Carter Park didn’t mince words.
“We aren’t as good as we thought we were,” the Santa Barbara High senior said.
Moments earlier, he was ready to douse whomever drove in the winning run in the bottom of the seventh inning.
Tied 1-1 as darkness crept onto Eddie Mathews Field, Anthony Firestone opened the inning with a walk. Three pitches later, Firestone was on third after Bryce Warrecker laced a single into right field.
Warrecker would advance to second uncontested, giving Santa Barbara three chances to score the winning run with no outs.
But Chase Hoover had other ideas.
The sophomore lefty showed no signs of being rattled, striking out the Dons’ Nos. 4-6 hitters to secure a 1-1 tie in the Channel League opener for both teams.
“I’ve waited to do this my whole life,” Hoover said.
Did he feel nerves as he trotted to the mound in the fourth inning, replacing Henry Manfredonia?
“I was not nervous going into it, I was extremely focused and extremely ready to go do that,” Hoover said.
Hoover and Manfredonia — normally the Royals’ two starters, but the team only had one game this week — combined to strike out 15.

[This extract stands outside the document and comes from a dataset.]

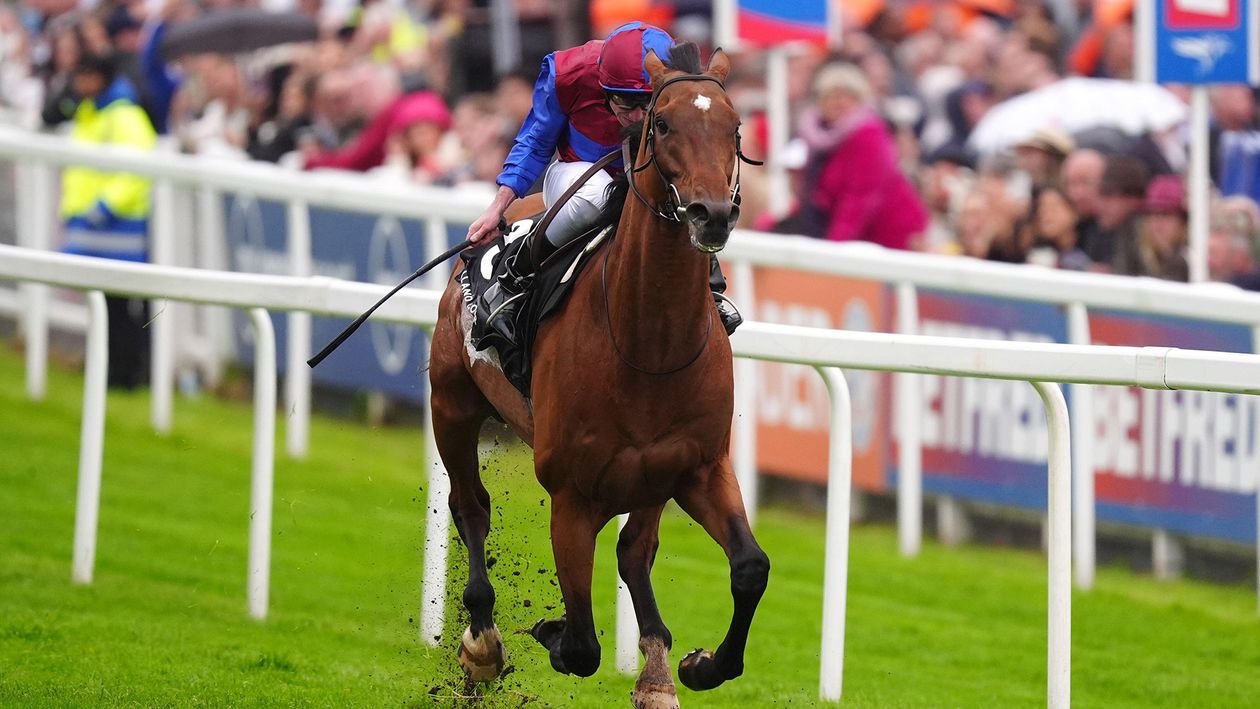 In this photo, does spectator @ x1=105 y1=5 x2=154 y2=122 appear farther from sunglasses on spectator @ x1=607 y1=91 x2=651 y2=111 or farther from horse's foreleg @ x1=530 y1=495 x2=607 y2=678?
horse's foreleg @ x1=530 y1=495 x2=607 y2=678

“Chase has been doing that all year,” San Marcos coach Jacob Pepper said. “The kid probably has close to 40 strikeouts and he’s only pitched in four games. His ball is tough to hit, he works hard. He’s playing hard and staying in his own lane with guy like Henry, a junior, who is staying in his own lane and his own path. It’s a lot of fun to have that.”
Santa Barbara coach Steve Schuck lamented that his ball club, despite being known for hitting the long ball, spends plenty of time working on situational execution — something that failed them in the seventh inning.

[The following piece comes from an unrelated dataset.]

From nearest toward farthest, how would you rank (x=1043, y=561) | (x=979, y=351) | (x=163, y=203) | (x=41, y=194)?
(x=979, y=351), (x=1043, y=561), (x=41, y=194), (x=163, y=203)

“We spend so much time on making the right swings in the right situation, we just didn’t get it done today,” Schuck said. “It’s a lesson that we will learn without a loss, so we can walk away knowing that we need to get better, but nothing is in the loss column.”
Park was outstanding for the home team, working six innings a week after he said that he was all over the place.
“I didn’t have a good outing last week, I just wasn’t throwing strikes, but I felt really good all week,” Park said.
Schuck was impressed by Park’s composure, showing growth from his junior campaign that saw the hurler wear his emotions on his sleeve.
“He really stayed calm, and we are seeing more and more of that,” Schuck said. “In big games like this, you need that in your pitcher. Carter was really big for us today.”
The Dons gave Park a 1-0 lead in the second inning, with Ty Montgomery doubling down the left-field line and coming around to score on a single by Owen Keithley.
San Marcos would knot things up in the fifth inning after they worked the bases loaded and scoring after Manfredonia was hit by a pitch.
While Pepper and his squad were ecstatic to come away with the tie in what the coach labeled as a “hostile environment,” Schuck said it was important for his team to realize one thing.
“The wolf that is climbing the mountain is always hungrier than the wolf at the top,” Schuck said. “We can’t get comfortable, we have to stay hungry.”